→ **Extracted entries**:
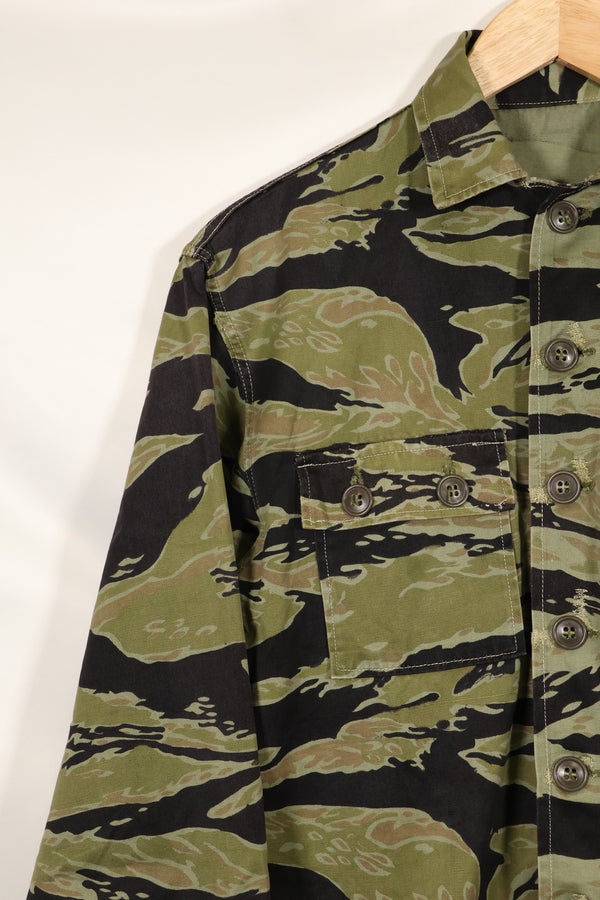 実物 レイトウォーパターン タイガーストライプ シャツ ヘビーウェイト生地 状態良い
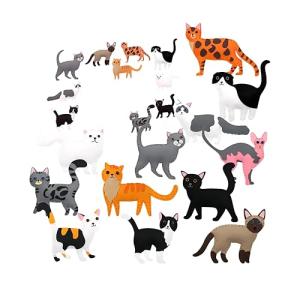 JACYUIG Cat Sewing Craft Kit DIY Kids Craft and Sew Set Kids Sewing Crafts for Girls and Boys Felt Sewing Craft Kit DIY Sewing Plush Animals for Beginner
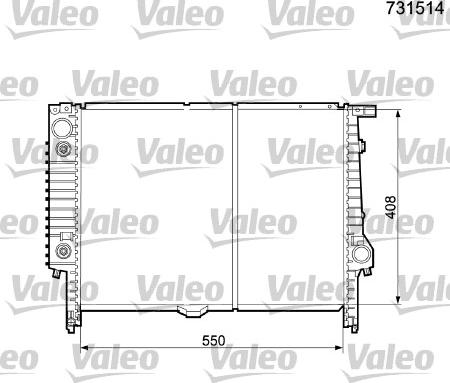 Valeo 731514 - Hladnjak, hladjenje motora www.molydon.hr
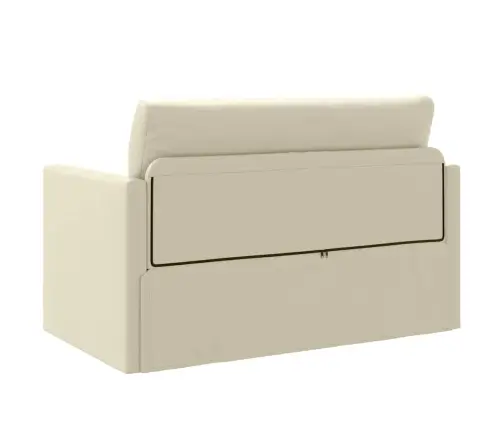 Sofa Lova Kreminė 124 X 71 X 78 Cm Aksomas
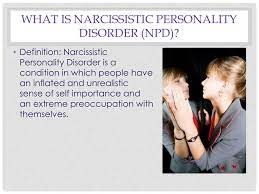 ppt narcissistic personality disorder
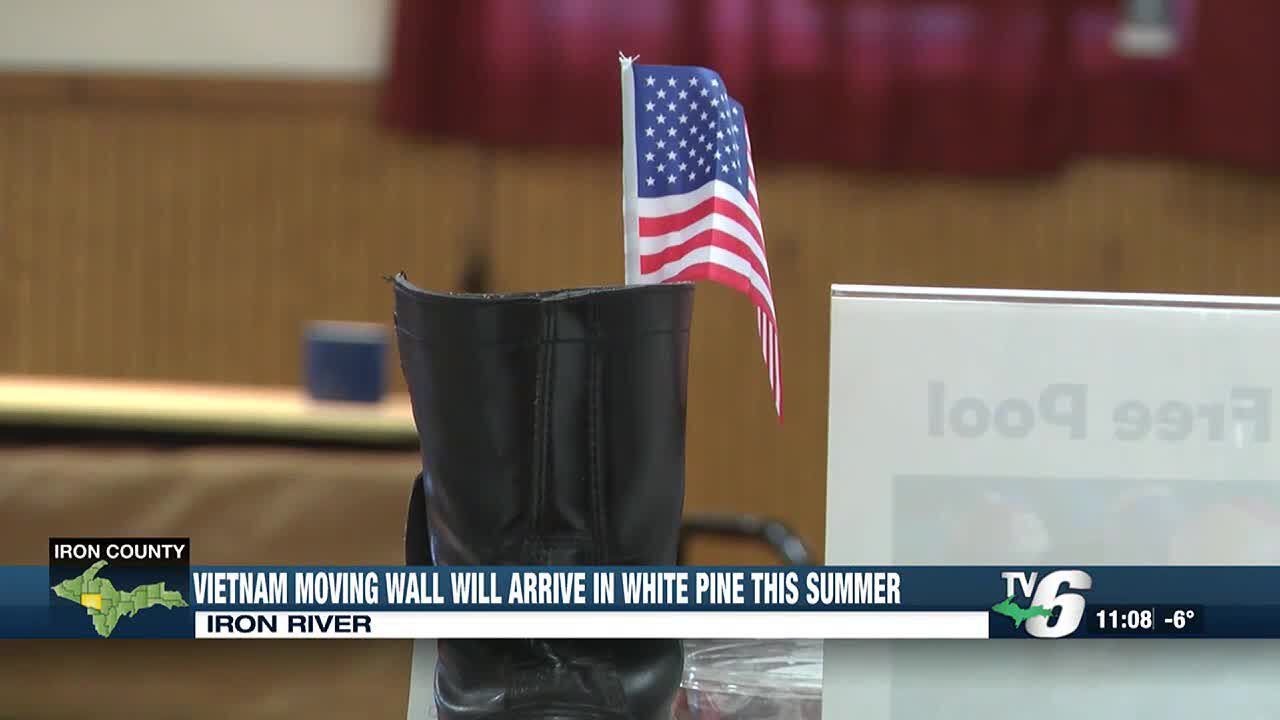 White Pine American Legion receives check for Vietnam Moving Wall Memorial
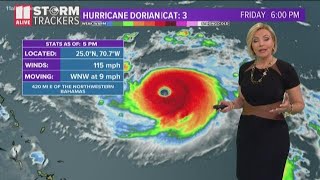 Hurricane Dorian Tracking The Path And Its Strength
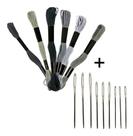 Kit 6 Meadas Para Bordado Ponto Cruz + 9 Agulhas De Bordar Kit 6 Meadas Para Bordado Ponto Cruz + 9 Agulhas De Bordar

→ **What you have to do**: Starting at the line that holds "Hurricane Dorian Tracking", repeat every line through the end of the listing exactly as written, skipping any picture.

→ **Solved exercise**:
 Hurricane Dorian Tracking The Path And Its Strength
 Kit 6 Meadas Para Bordado Ponto Cruz + 9 Agulhas De Bordar Kit 6 Meadas Para Bordado Ponto Cruz + 9 Agulhas De Bordar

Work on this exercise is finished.